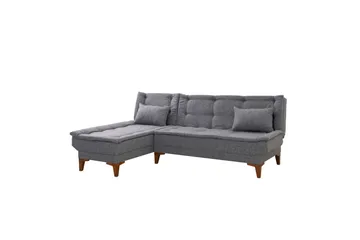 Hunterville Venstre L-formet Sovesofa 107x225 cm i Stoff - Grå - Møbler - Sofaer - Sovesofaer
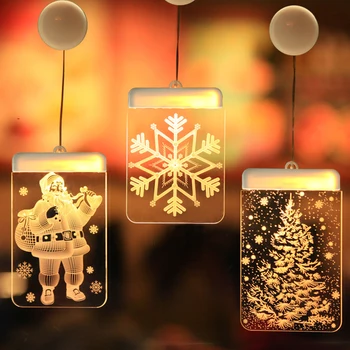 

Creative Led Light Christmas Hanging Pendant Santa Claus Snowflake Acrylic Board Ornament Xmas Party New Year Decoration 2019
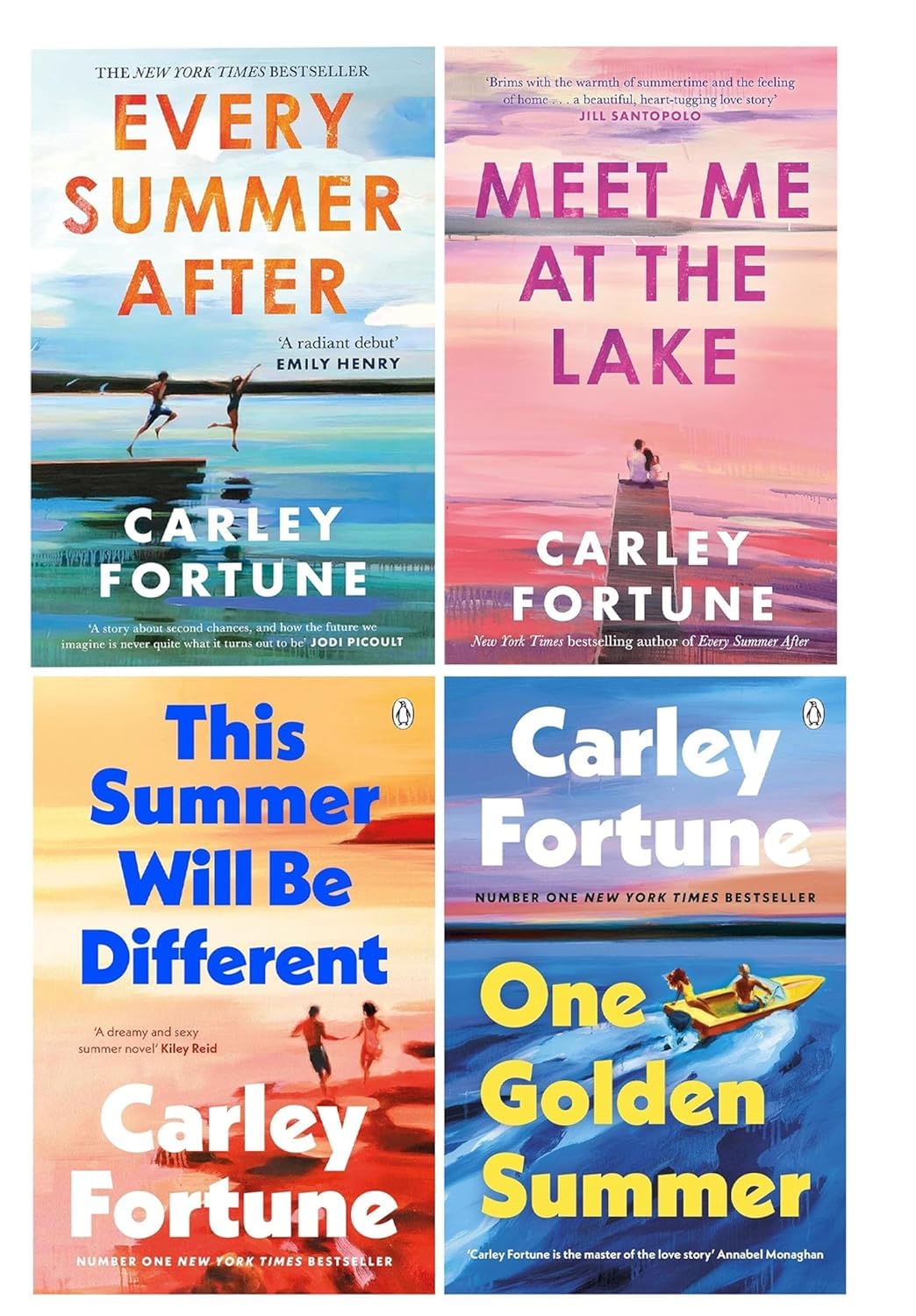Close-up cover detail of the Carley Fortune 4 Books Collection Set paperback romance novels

....................

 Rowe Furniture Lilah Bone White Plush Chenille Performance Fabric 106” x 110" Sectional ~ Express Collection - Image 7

....................

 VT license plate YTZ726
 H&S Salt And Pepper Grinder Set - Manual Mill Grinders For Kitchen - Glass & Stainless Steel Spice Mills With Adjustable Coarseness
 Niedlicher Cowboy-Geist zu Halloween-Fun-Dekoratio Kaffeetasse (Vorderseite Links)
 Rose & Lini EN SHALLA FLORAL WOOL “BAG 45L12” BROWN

....................

#### [Activity]
Reproduce only the lines above spanning from the line containing "Niedlicher Cowboy-Geist zu" through the line containing "Rose & Lini", word for word.

#### [Result]
 Niedlicher Cowboy-Geist zu Halloween-Fun-Dekoratio Kaffeetasse (Vorderseite Links)
 Rose & Lini EN SHALLA FLORAL WOOL “BAG 45L12” BROWN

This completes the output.